Directions for this task → From first line to last, transcribe the listing exactly and skip any image.

Excerpted records →
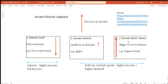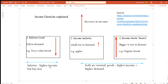To clarify: inferior goods mean higher income leads to less demand. Normal goods mean higher income leads to more demand, and the opposite when income is lower. With income inelastic goods, consumers buy them less as income rises and shift toward luxury goods instead.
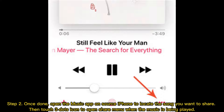Step 2: Once done, open the Music app on the source iPhone to locate the song you want to share. Then touch the three-dots icon to open the Share menu when the music is being played.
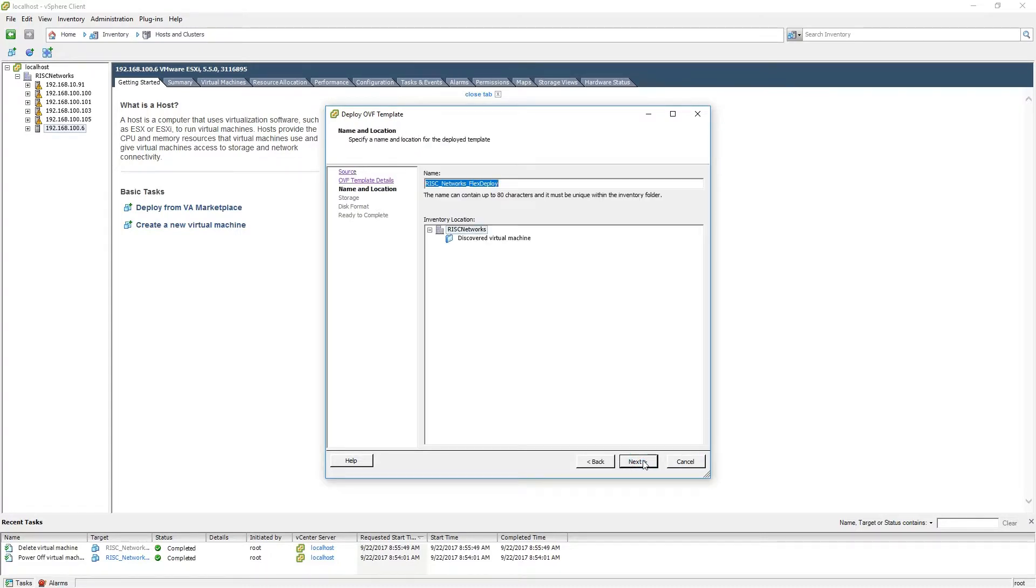From the Name and Location page, you will be able to give the virtual appliance a friendly name and select its location. When you have done so, please click Next.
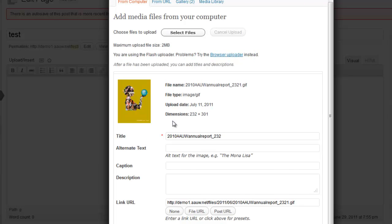And you get this nice information box for your image. WordPress has already automatically given it a title. The alt text box is for the visually disabled — it helps people with special needs on the computer, so if you have time always try to fill that out. Just something descriptive of the image. And then if you want to add a caption, that's the text that will show up directly underneath the image. This is really good if you have an image of people and you want to say from left to right who's appearing in the photograph.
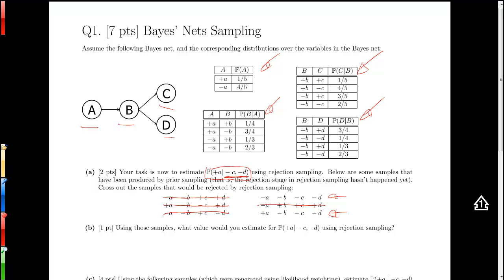Using those two consistent samples, what value would we estimate for the probability of plus A given minus C and minus D? We look at the empirical count of plus A: it occurs in one out of two samples, so the probability of plus A given minus C and minus D is estimated to be one-half using rejection sampling.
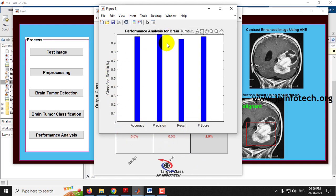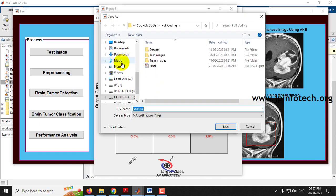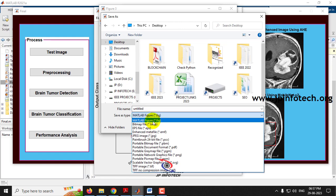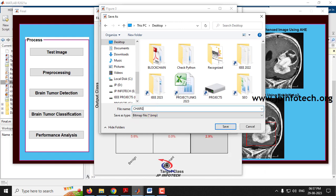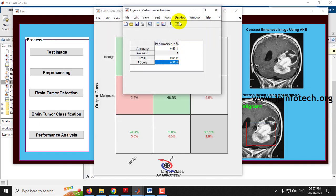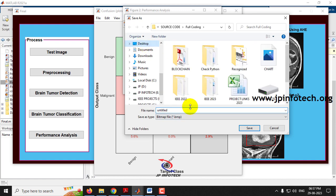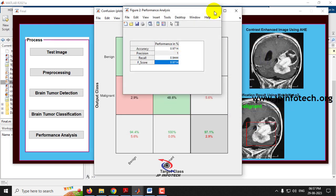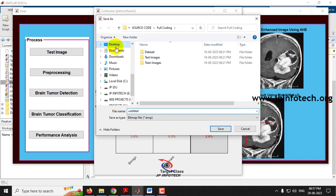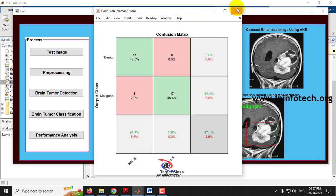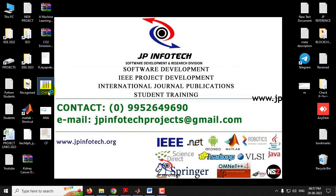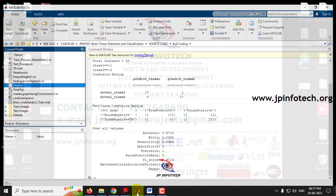A chart displaying performance analysis with accuracy, precision, and F-score values is also shown. You can save these results — for example, save the chart as a BMP image, save the performance analysis, and save the confusion matrix to your desktop. The exported chart, analysis, and confusion matrix are then visible.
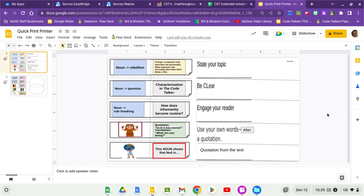So, welcome back. We are going to break down some analytical writing once again, referring back to Code Talker.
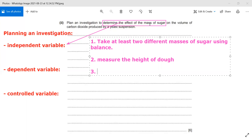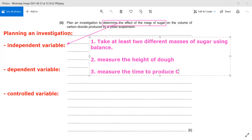We can also measure the time taken to produce a given height of dough, or the time taken to produce the carbon dioxide. This time measurement will be part of how we assess the outcome.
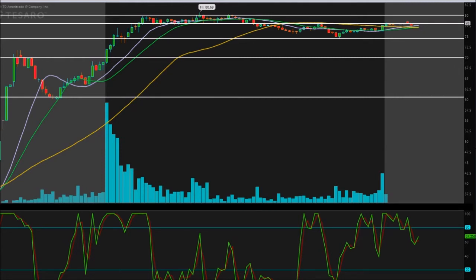Let's take a look at the levels we have here on the chart. The first one, being the bottom, is $60.50 — that's this area right here. The next level we're going to take a look at is $70 even, and right above that is going to be $74.45.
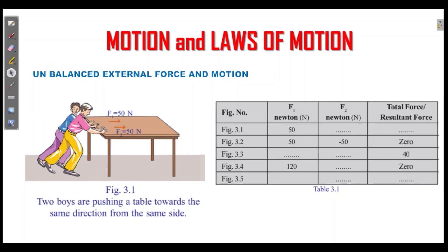Unbalanced external force. Two boys are pushing a table in the same direction. You should take their direction as positive. If one direction is positive, the opposite is negative. One force is 50 and one force is 50 — there are two forces. One direction is positive: 50 plus 50 equals 100.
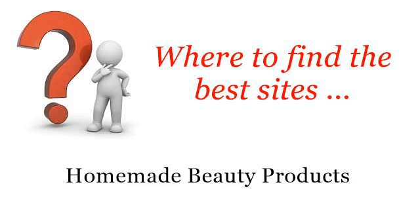Where to find the best sites? Homemade beauty products. Hello. So you want to know more about how to make a volumizing shampoo?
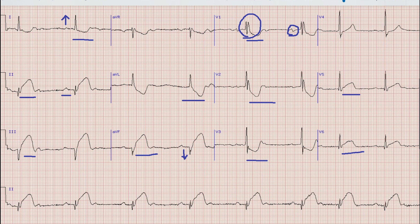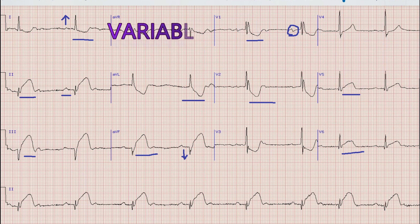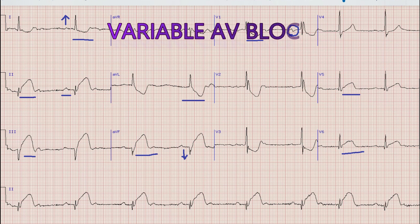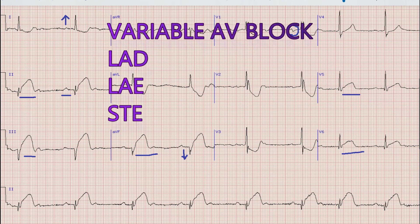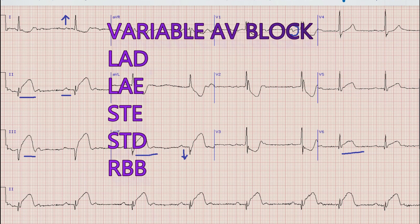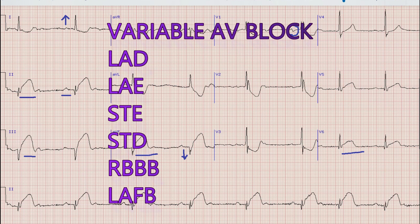So summarizing the findings: there is sinus rhythm with variable AV block, there is left axis deviation, there is left atrial enlargement, there are ST elevations in leads 2, 3, aVF, V5, and V6 with reciprocal ST depressions in leads 1, aVL, and V1 to V4, there is right bundle branch block, and there is left anterior fascicular block.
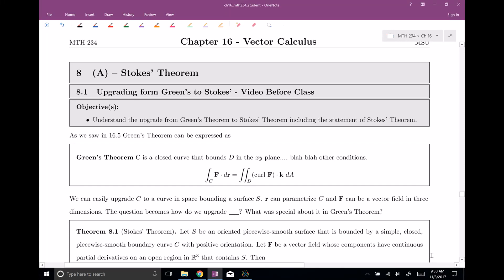Welcome everyone to section number eight. This is Stokes' Theorem. In this video, we're going to upgrade from Green's Theorem to Stokes' Theorem. I'm going to try to explain how we do this upgrade, really from a two-dimensional proof. Green's Theorem had something to do with the xy plane, and now we're going to be doing it in three dimensions. That's the Stokes' Theorem version.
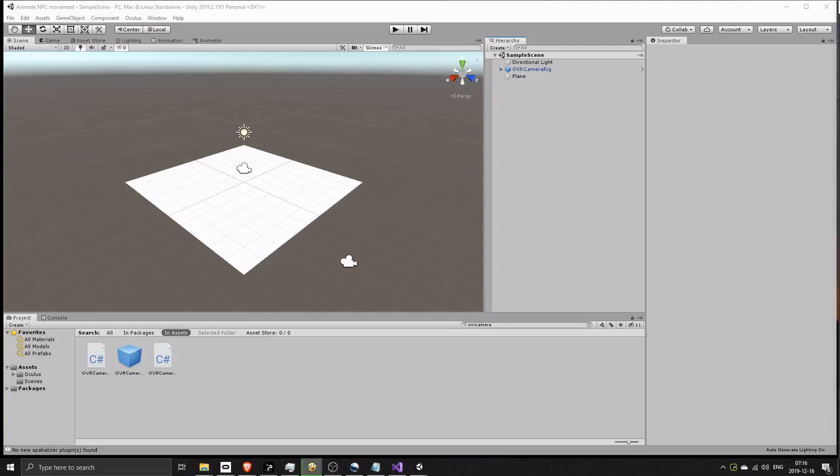In this video I will show you how to implement movement of non-player characters. First, set up the project. If you don't know how to set up a project, click the link in the top right corner.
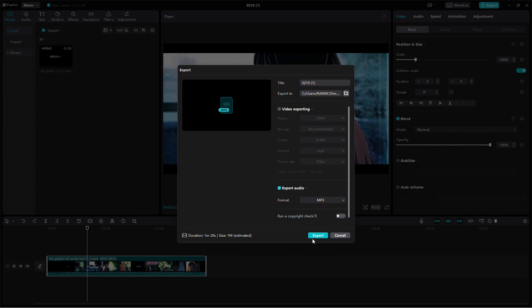And there you have it! You've successfully extracted audio from a video in CapCut on your PC. Feel free to choose the method that suits your workflow. Thanks for watching!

The completed task →
To clarify: inferior goods mean higher income leads to less demand. Normal goods mean higher income leads to more demand, and the opposite when income is lower. With income inelastic goods, consumers buy them less as income rises and shift toward luxury goods instead.
Step 2: Once done, open the Music app on the source iPhone to locate the song you want to share. Then touch the three-dots icon to open the Share menu when the music is being played.
From the Name and Location page, you will be able to give the virtual appliance a friendly name and select its location. When you have done so, please click Next.
And you get this nice information box for your image. WordPress has already automatically given it a title. The alt text box is for the visually disabled — it helps people with special needs on the computer, so if you have time always try to fill that out. Just something descriptive of the image. And then if you want to add a caption, that's the text that will show up directly underneath the image. This is really good if you have an image of people and you want to say from left to right who's appearing in the photograph.
Using those two consistent samples, what value would we estimate for the probability of plus A given minus C and minus D? We look at the empirical count of plus A: it occurs in one out of two samples, so the probability of plus A given minus C and minus D is estimated to be one-half using rejection sampling.
A chart displaying performance analysis with accuracy, precision, and F-score values is also shown. You can save these results — for example, save the chart as a BMP image, save the performance analysis, and save the confusion matrix to your desktop. The exported chart, analysis, and confusion matrix are then visible.
So, welcome back. We are going to break down some analytical writing once again, referring back to Code Talker.
We can also measure the time taken to produce a given height of dough, or the time taken to produce the carbon dioxide. This time measurement will be part of how we assess the outcome.
Let's take a look at the levels we have here on the chart. The first one, being the bottom, is $60.50 — that's this area right here. The next level we're going to take a look at is $70 even, and right above that is going to be $74.45.
Unbalanced external force. Two boys are pushing a table in the same direction. You should take their direction as positive. If one direction is positive, the opposite is negative. One force is 50 and one force is 50 — there are two forces. One direction is positive: 50 plus 50 equals 100.
Where to find the best sites? Homemade beauty products. Hello. So you want to know more about how to make a volumizing shampoo?
So summarizing the findings: there is sinus rhythm with variable AV block, there is left axis deviation, there is left atrial enlargement, there are ST elevations in leads 2, 3, aVF, V5, and V6 with reciprocal ST depressions in leads 1, aVL, and V1 to V4, there is right bundle branch block, and there is left anterior fascicular block.
Welcome everyone to section number eight. This is Stokes' Theorem. In this video, we're going to upgrade from Green's Theorem to Stokes' Theorem. I'm going to try to explain how we do this upgrade, really from a two-dimensional proof. Green's Theorem had something to do with the xy plane, and now we're going to be doing it in three dimensions. That's the Stokes' Theorem version.
In this video I will show you how to implement movement of non-player characters. First, set up the project. If you don't know how to set up a project, click the link in the top right corner.
And there you have it! You've successfully extracted audio from a video in CapCut on your PC. Feel free to choose the method that suits your workflow. Thanks for watching!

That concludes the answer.